それから三秒程してから針は抜かれたけど、別に変な感じも無いし、痛みだってない。気掛かりなのはこれが何の薬品なのかだけど...
「よし、打てましたね。どうです? 変な感じはありませんか?」
「特に何も...サニャさん、今打ち込んだのは何なのですか?」
「ふふ、時期に分かりますよ。それと二回目の面談はこれで終わり。外に誰か居るようですし...どうぞ、入って下さい」
「.........失礼する。サニャ、随分とお喋りをしていたがどういう事...だっ!!」
「っ!?」
呼びかけに反応して中に入ってきたのはエテボース...だけど、入ってきて早々にエテボースは長い尻尾のような手で殴り飛ばした。私は咄嗟に動こうとするけれども、足かせが重すぎて動けず、その間にサニャさんは壁に叩きつけられてずり落ちた...。

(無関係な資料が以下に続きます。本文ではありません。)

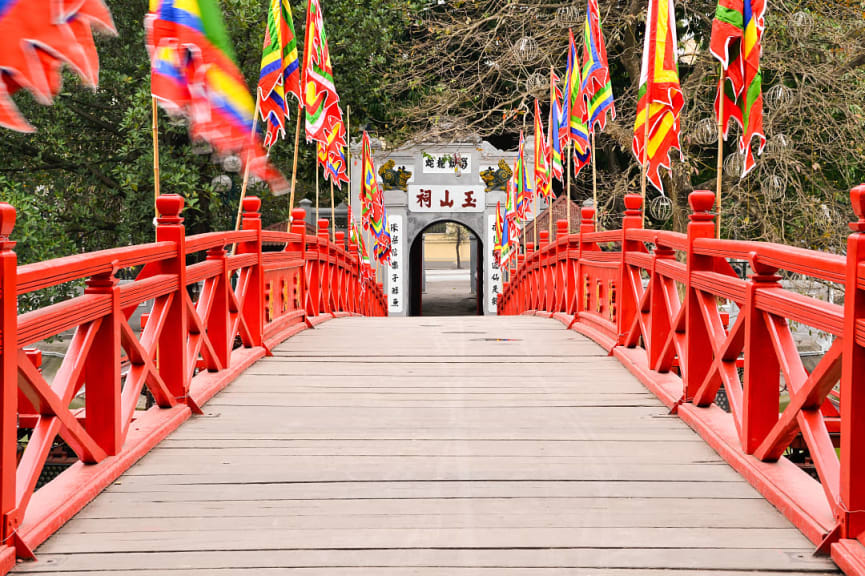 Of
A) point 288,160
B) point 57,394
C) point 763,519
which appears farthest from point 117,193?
point 763,519

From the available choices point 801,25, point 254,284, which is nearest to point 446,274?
point 801,25

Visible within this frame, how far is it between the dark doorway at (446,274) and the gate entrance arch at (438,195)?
2.39ft

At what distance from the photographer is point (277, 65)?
334 inches

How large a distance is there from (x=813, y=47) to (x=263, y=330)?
10.7 m

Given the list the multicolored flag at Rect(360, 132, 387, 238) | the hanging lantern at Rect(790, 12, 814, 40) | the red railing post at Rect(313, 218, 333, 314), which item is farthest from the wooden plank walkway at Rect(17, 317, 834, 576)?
the multicolored flag at Rect(360, 132, 387, 238)

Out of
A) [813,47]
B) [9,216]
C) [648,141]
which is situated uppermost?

「げほっ! あ、相変わらずですねぇ貴方は...少しくらいお喋りしてもげほっ...良いじゃないですか...」
「し過ぎると言っている。コイツにちゃんと薬品投与と決められた質問項目をしただろうなぁ?」
「当然です...じゃなきゃ私がココに居る存在価値なんて無いのですから...」
「そうだ。お前の母親が偶々に薬品関連のスペシャリストだったからお前もついでに連れてきてやっただけだ。じゃ無きゃとっくにお前は俺が殺している」
「うっ...」
「母...親...?」
ま、まさかこのサニャさんもヒトカゲのヨーテルちゃんと同じ家族を...やっぱり、ダークライが居なくなった後でも動いてたんだ。だから事件前程じゃないけど行方不明事件が消えなかった.........。
「おっと、今の話はなかったことにしとけよお前。良いな?」
「わ、分かりました」
「さて、だいぶ無駄な時間を過ごしちまった。おい黒い奴、来い」
「いたたたっ!! やめ...てっ!! 耳を引っ張らな痛い痛い痛いっ!!!!」
「うるせぇっ!! 黙ってこっちに...来いっ!!!!」
「あがっ!」
足かせの重りでただでさえ重いのに、それを無視して私の両耳を掴んで無理やり引っ張る。味わったことの無い強烈な痛みに騒ぎ立てた所に耳の痛みが無くなり...っと思ったら身体の真横から強烈な衝撃に飛ばされて、私は本棚に叩きつけられた...。途端に私の意識は薄れるけれど、耳の付けの痛みとお腹の痛みに掠れる意識は保たれてしまう...こんなにも意識が無くなればと思ったのは初めての感覚.........。
「い...あ.........」
「ん、何だこんなもんか。あの事件を解決したからてっきり強いかと思ってたが...やはりクソか。そうなると行方不明のリファルが片付けた感じだろ?」
「うぐ...あ.........」
「口も聞けねえってか。ふんっ、連れて行く手間が省け...結構に重いなこの足かせ。これを付けて、尚且つこの身体の大きさでサニャの殴り飛ばしに関して反応して受けていた...ふふふ、面白ぇ。やはり実験材料としては最適だったか」
鉄球と足をつなぐ鎖を持ち上げて私は持ち上げられて、逆さまに吊るされたようになる。だけど急にその向きが変わって、ぼんやりと目を開けるとそこには私とサニャさんを殴った人物の顔...どうやら私はお姫様抱っこ状態で運ばれているらしかった。しかも足が痛くならないように片手で鉄球を持って、もう片手で私の身体を支えてるようで...もう何がなんだか私には分からなかった。
だけど、そう感じた途端に意識が何故か朧気になって、何か話してたようなきがするけど、それを聞く前に私は意識を手放した.........。